═════ Data excerpt ═════

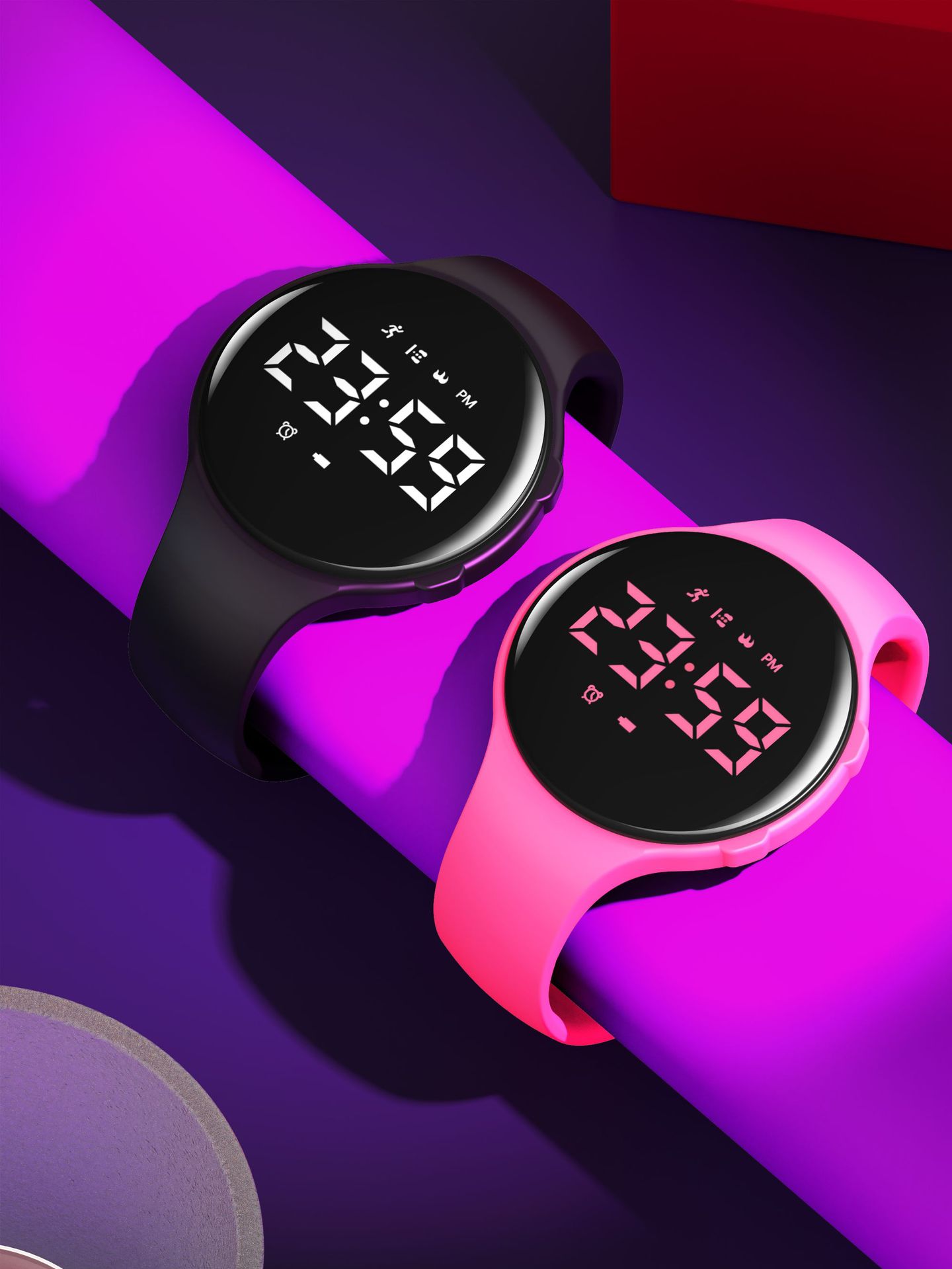 T6A sports pedometer Girls' Korean version simple and trendy middle school watch Boys' Children's waterproof electronic watch details Picture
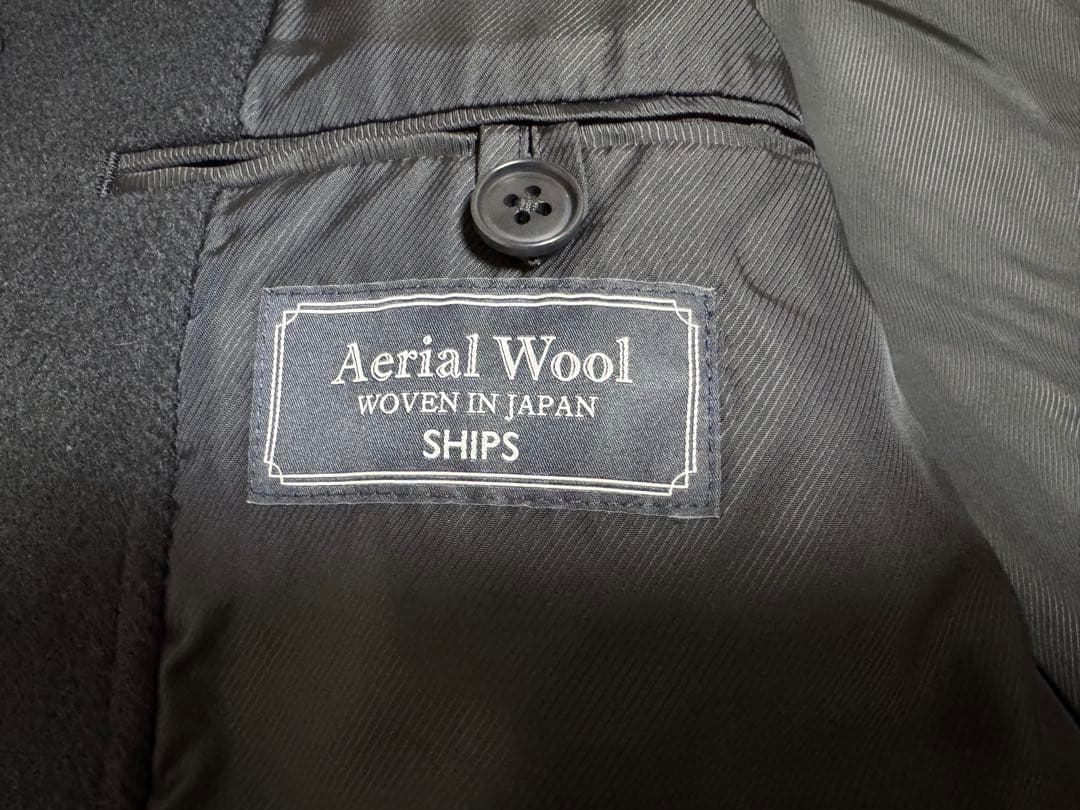 SHIPS Super 140's MELTON CAR COAT Lネイビー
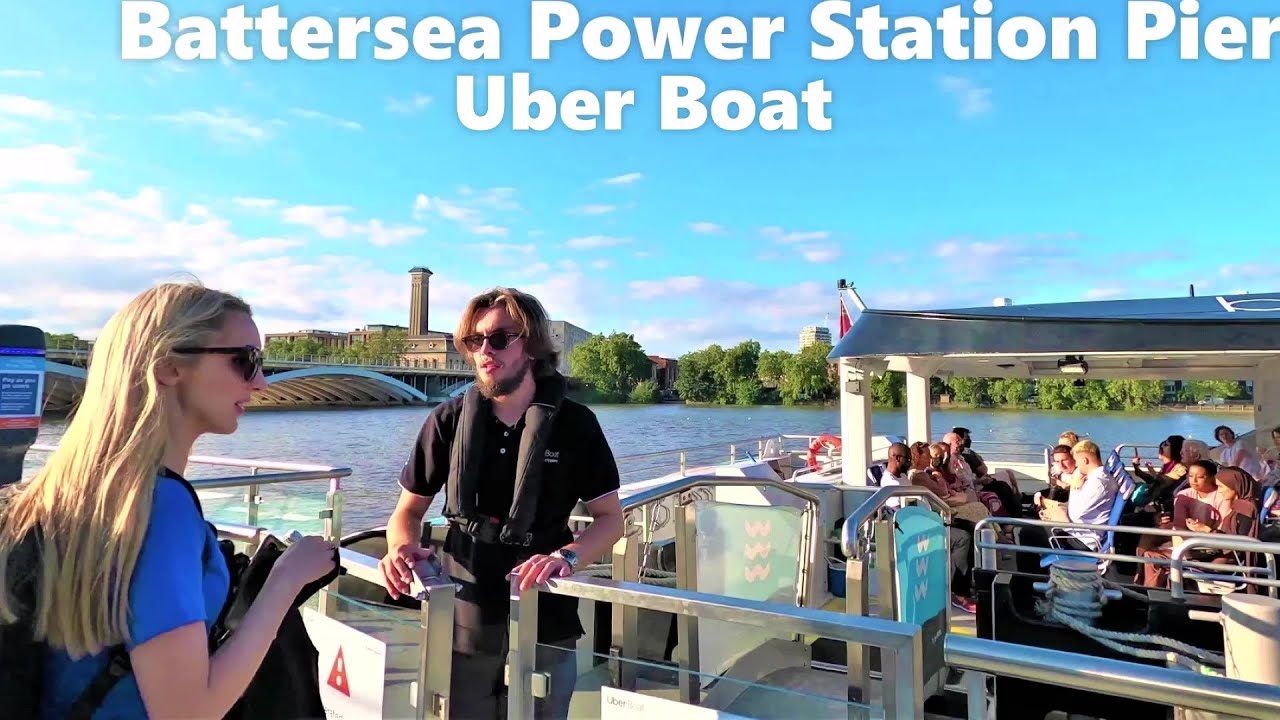 Uber Boat, Battersea Power Station Pier, London Autumn Walk.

═════

Give back the material above word for word; no picture belongs in it.

 T6A sports pedometer Girls' Korean version simple and trendy middle school watch Boys' Children's waterproof electronic watch details Picture
 SHIPS Super 140's MELTON CAR COAT Lネイビー
 Uber Boat, Battersea Power Station Pier, London Autumn Walk.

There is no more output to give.